= Therrell C. Smith =

American ballet dancer (1917–2025)

Therrell C. Smith (November 5, 1917 – December 15, 2025) was an American ballet dancer and dance educator, best known for opening the Therrell C. Smith School of Dance in 1948. The school served the Black dance community at a time when other dance schools were closed to Black students due to segregation. The school has operated in Washington, D.C. for over 70 years.

Smith was honored with the Washington School of Ballet's Mary Day Award and recognized by the government of the District of Columbia.

== Early life and education ==
Smith was born and raised in Washington, D.C., and attended the Garnet-Patterson Junior High School and Dunbar High School. Her father, T.C. Smith, was a physician.

She began taking dance classes from Mabel Jones Freeman at 8 years old.

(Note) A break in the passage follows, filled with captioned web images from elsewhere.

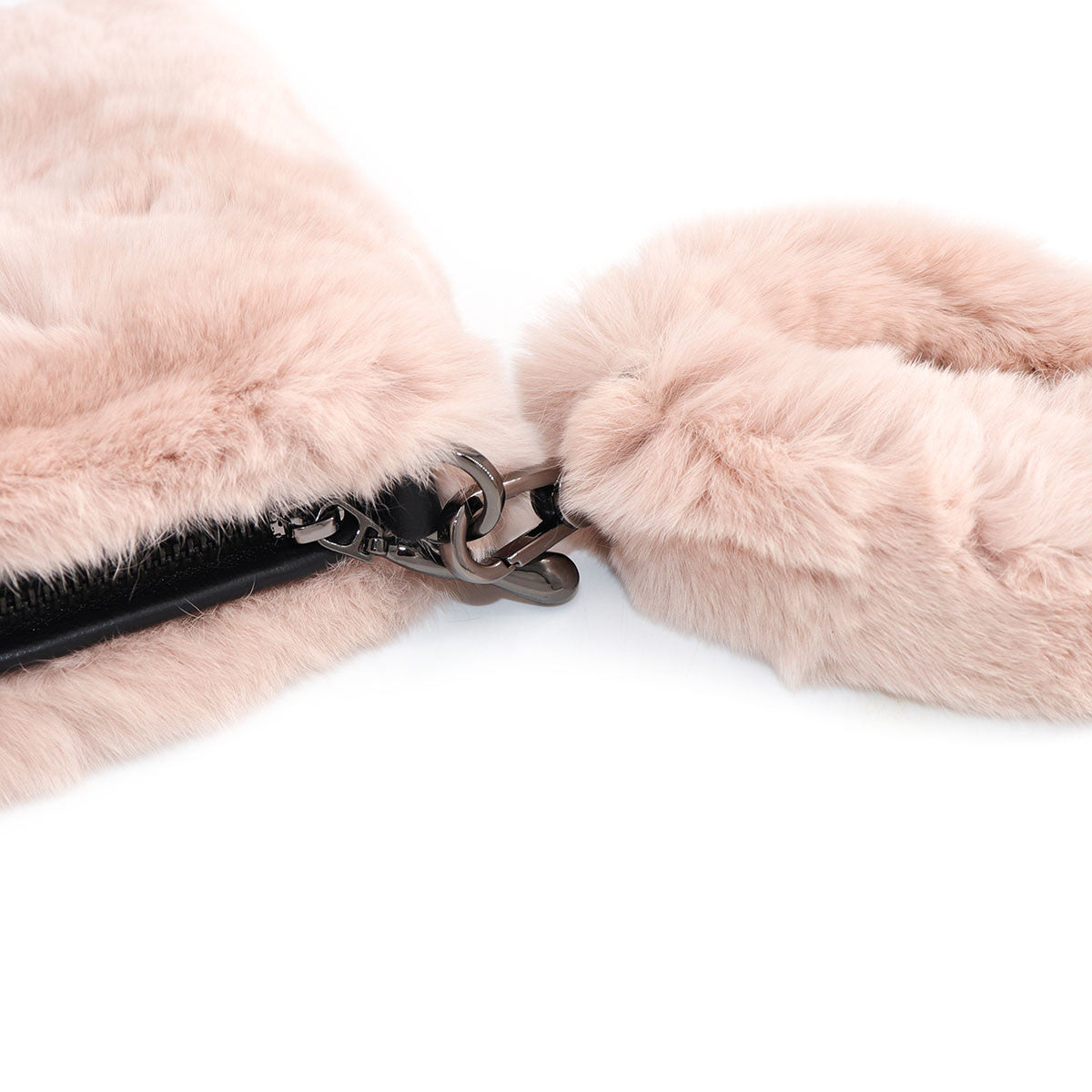 Rex Rabbit Fur Wristlet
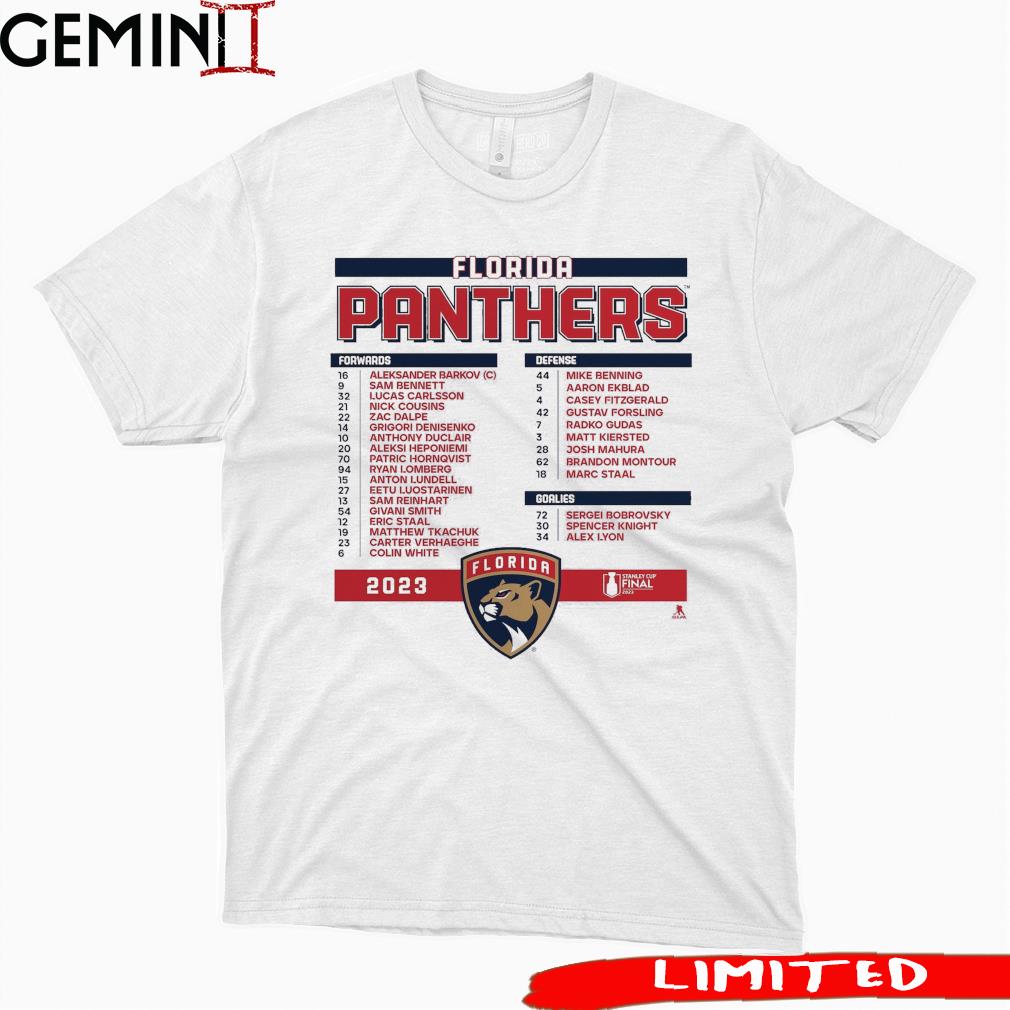 Florida Panthers Stanley Cup Final Roster 2023 Shirt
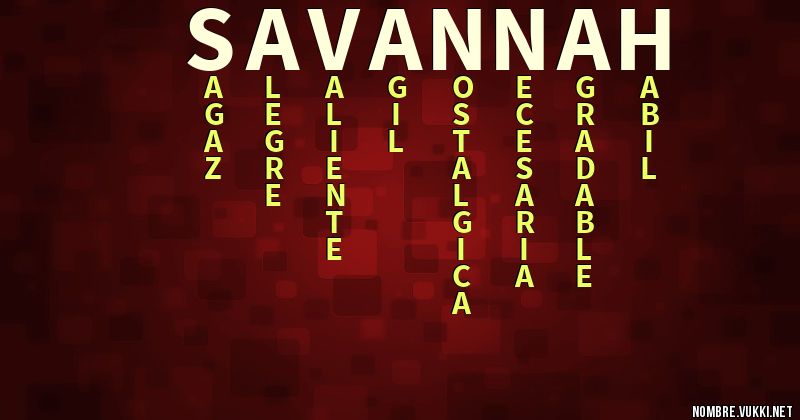 Acróstico savannah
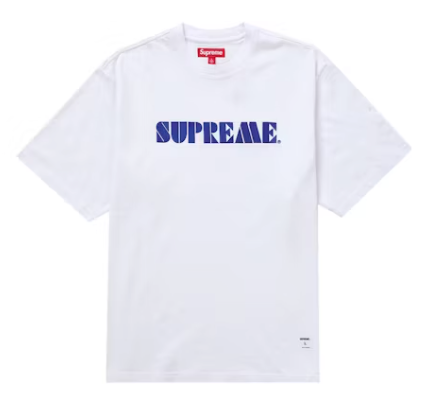 Supreme Stencil Embroidered S/S Top White Sz Large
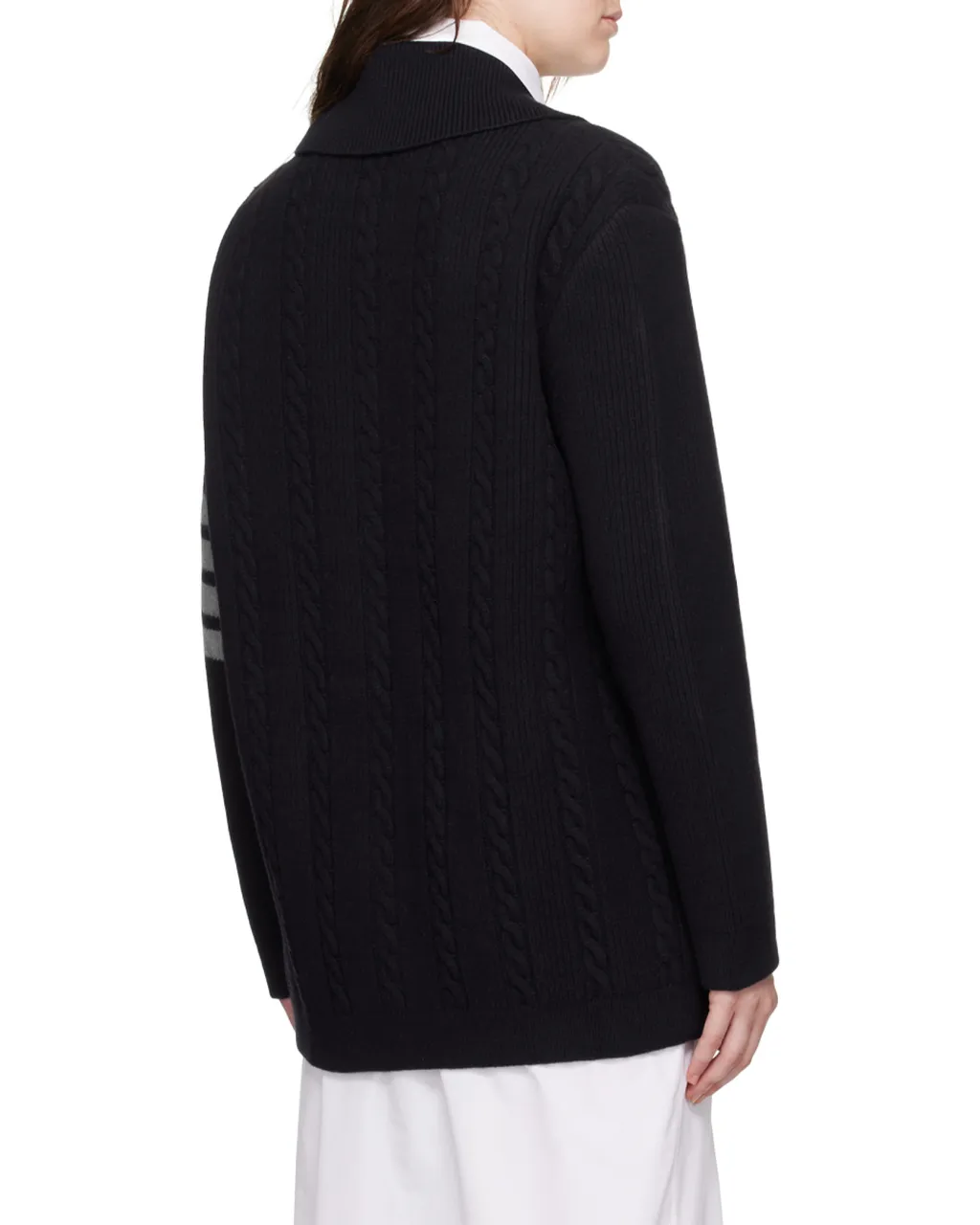 4 Bar Button-Up Cardigan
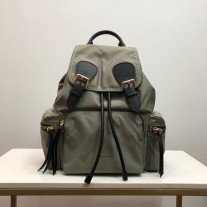 Burberry The Rucksack Medium Backpack Light Green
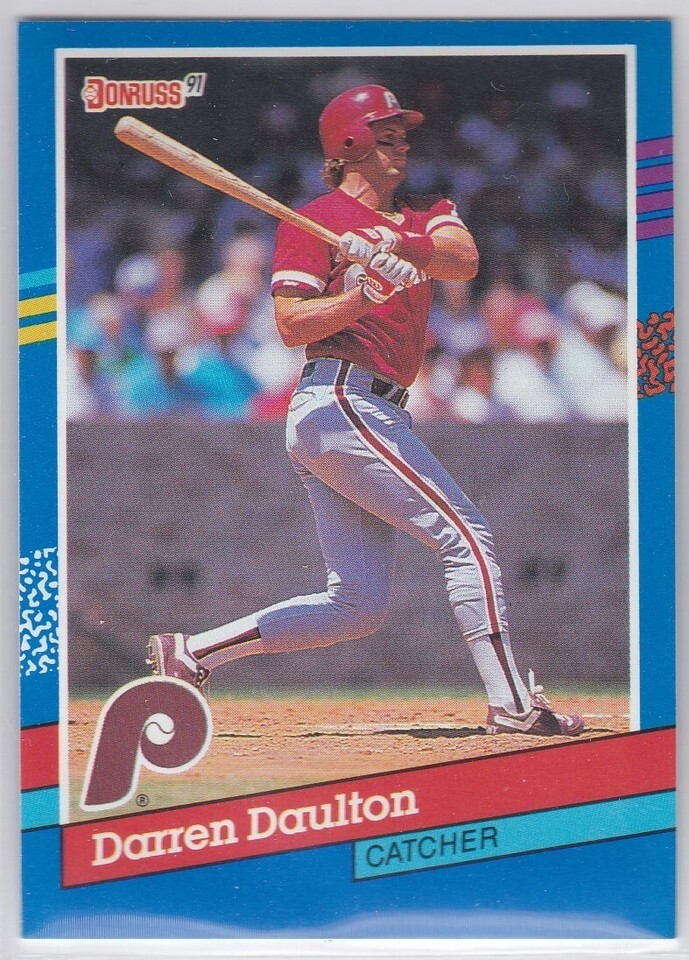 M) 1991 Donruss Baseball Trading Card - Darren Daulton #316 - $1.97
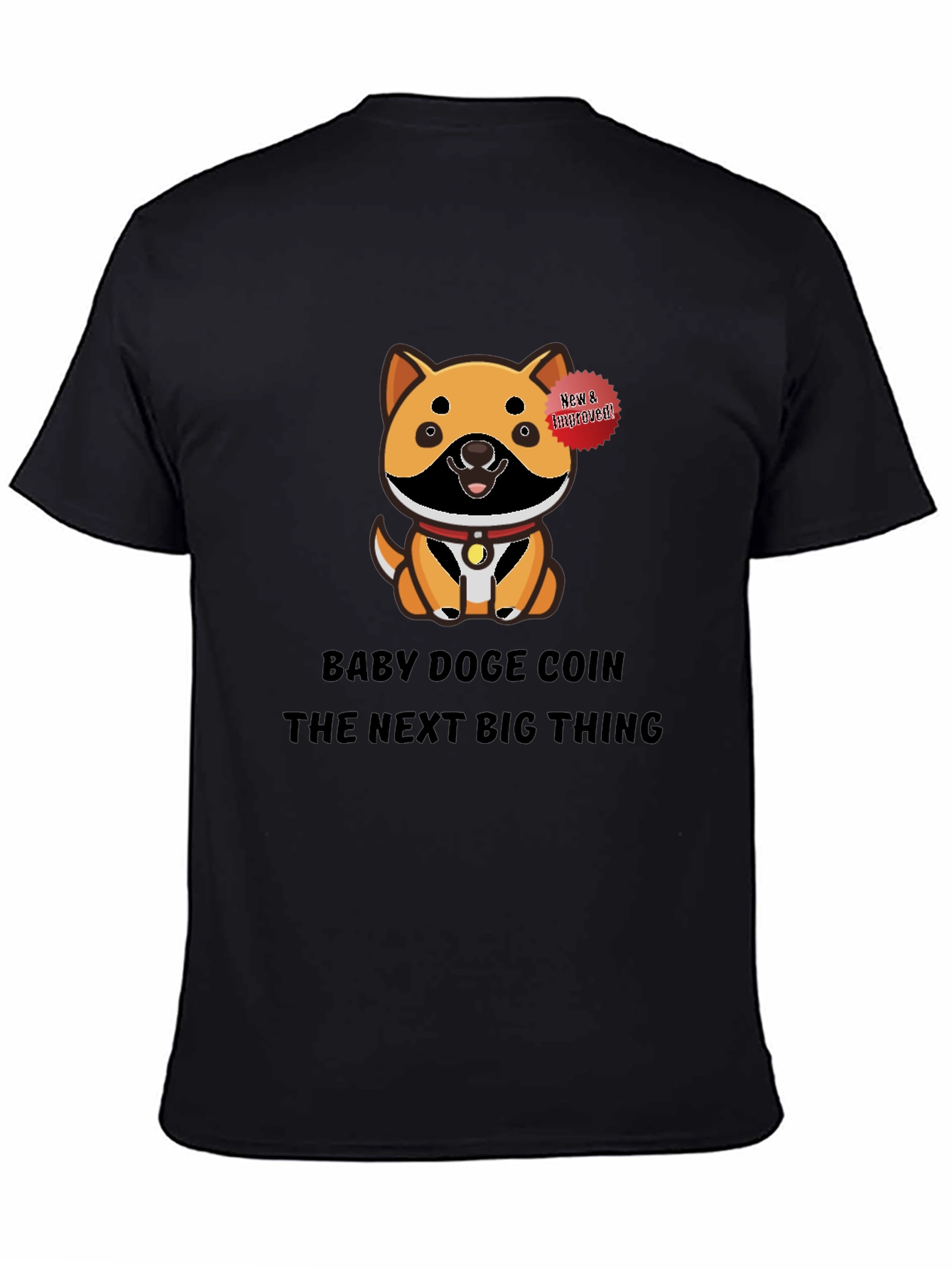 Baby Doge Coin Black T-Shirt - Next Big Thing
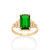 Anel skinny formatura banhado a ouro 18k com cristal e zircônias - Mix Joias - Nossa Joia é Você!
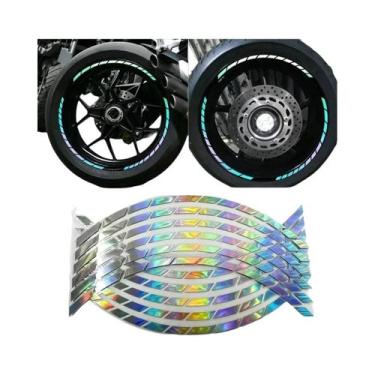 Imagem de Adesivos De Vinil Para Rodas De Motocicleta De 17 E 18 Polegadas Para 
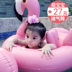 Em bé bơm hơi thiên nga trắng ngồi vòng flamingo trẻ em bơi vòng đời trẻ em vòng nhẫn em bé phao bơi chống lật cho bé Cao su nổi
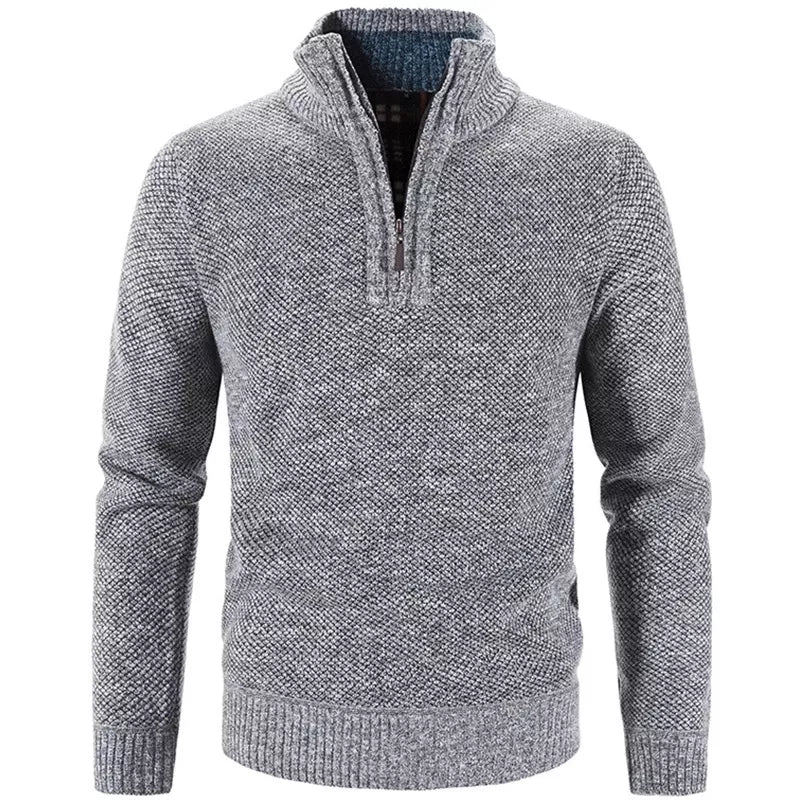 Lenoir™ | Pullover med halv lynlås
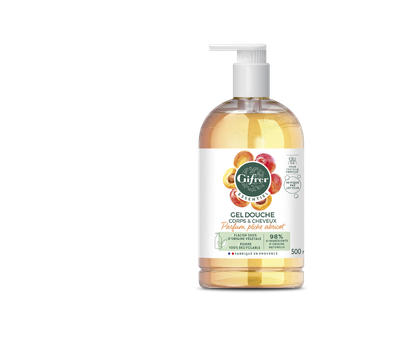 Image Gel douche (pêche-abricot) 500ml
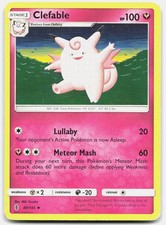 Pokemon Clefable 89/145 Guardians Rising MP [ZKRB9I]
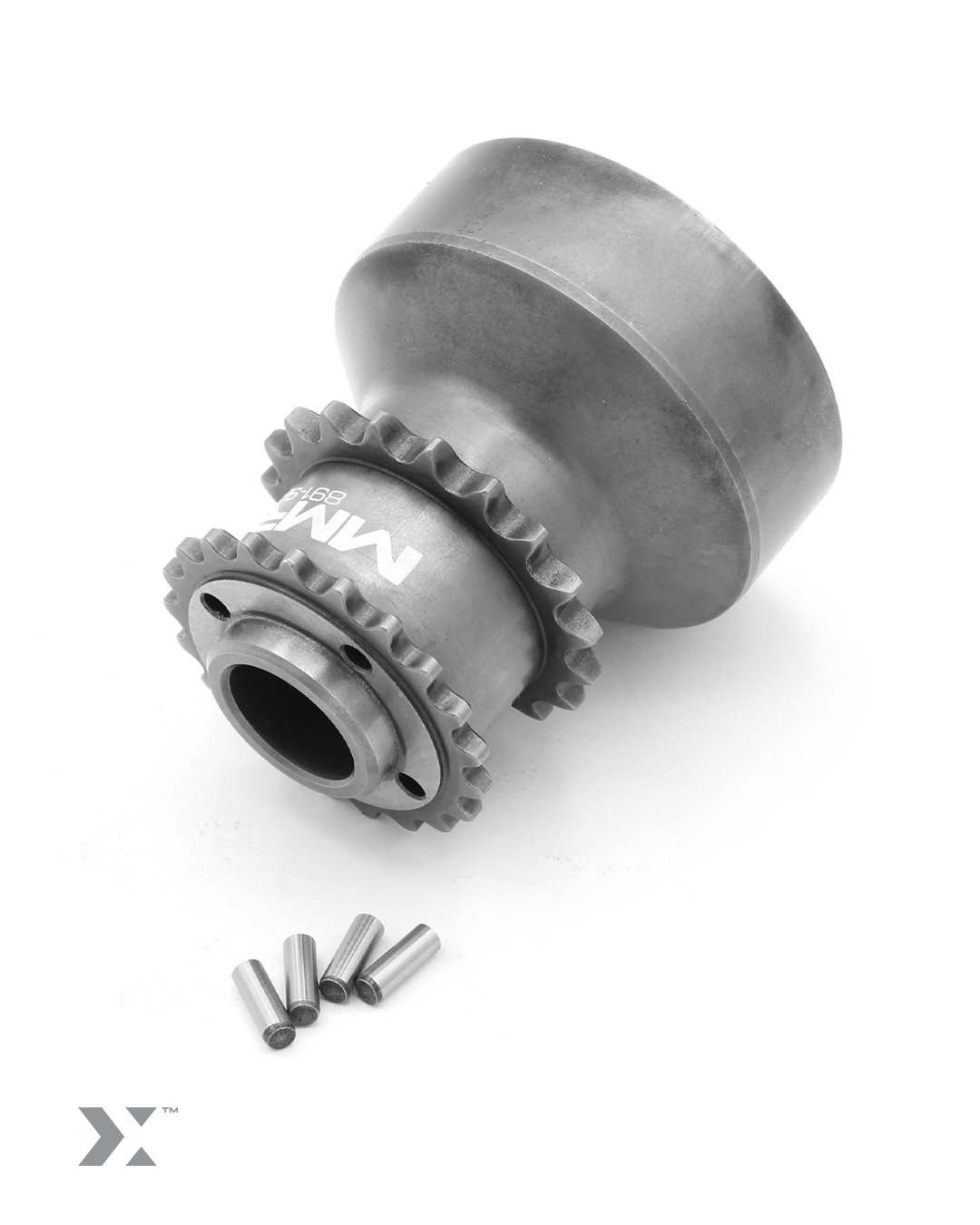 MMX 4-Pin One-Piece Crank Hub Upgrade, Keyed Pinned Hub Conversion for BMW S55 & N55 Engines (M2 Competition, M3, M4; selected 35i)
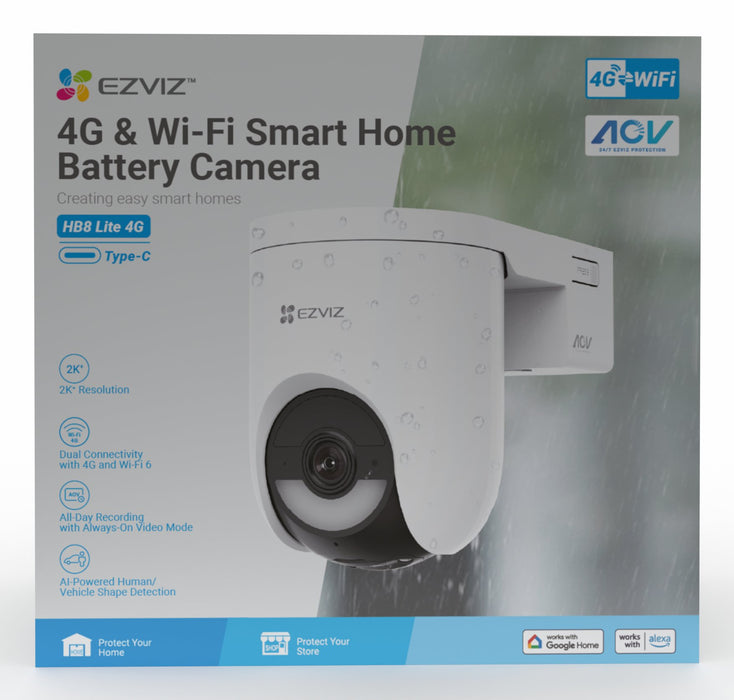EAN 6941545641386 - EZVIZ HB8 Lite 4G+Wifi Torreta Cámara de seguridad IP Exterior 2560 x 1440 Pixeles Pared imagen 62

After studying sociology at Fisk University, she pursued ballet for five years at the Ballet Arts school at Carnegie Hall in New York City and studied under Russian ballerina Mathilde Kschessinska in Paris.

== Career ==
Upon her return to Washington, D.C., Smith was turned away from all major dance companies due to racial segregation. Soon after, she established the Therrell C. Smith School of Dance in Northeast D.C. with the goal of providing Black children with access to ballet education.

Her students included Virginia Johnson, who later became prima ballerina and artistic director at Theatre of Harlem.

== Death ==
Smith died on December 15, 2025, at the age of 108.